Disclosure and Self-Report of Emotional, Social, and Physical Health in Children and Adolescents With Chronic Pain-A Qualitative Study of PROMIS Pediatric Measures

Objectives To examine the content validity of the Patient-Reported Outcomes Measurement Information System pediatric measures, including the pain interference scale, among children and adolescents (aged 8-18 years) who experience chronic pain. To describe children's understandings of the health domain constructs and elucidate verbal and conceptual aspects of self-reported pain-related functioning, which shape disclosure and reporting. Methods 34 children and youth with diagnoses of juvenile idiopathic arthritis or noninflammatory chronic pain completed semistructured and cognitive interviews exploring the meaning, experience, and expression of up to 4 of the Patient-Reported Outcomes Measurement Information System pediatric domains: anger, anxiety, depressive symptoms, fatigue, pain interference, and peer relationships. Team-based thematic and content analyses were conducted.
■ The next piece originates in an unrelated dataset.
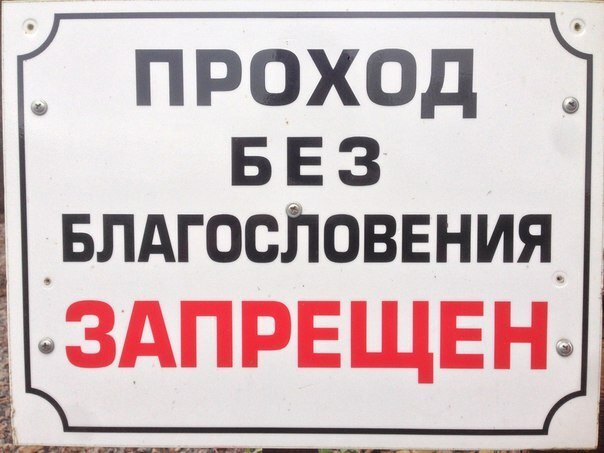 Фото из интернета.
Results Clear verbal and social-cognitive differences were observed in representations and accounts of the domain-experiences across age-groups, but we noted little, if any, evidence of problems with content validity. Conclusions Findings suggest the importance of a rigorous developmental approach for understanding the verbal and cognitive dimensions of pediatric self-reports and patient-reported outcomes.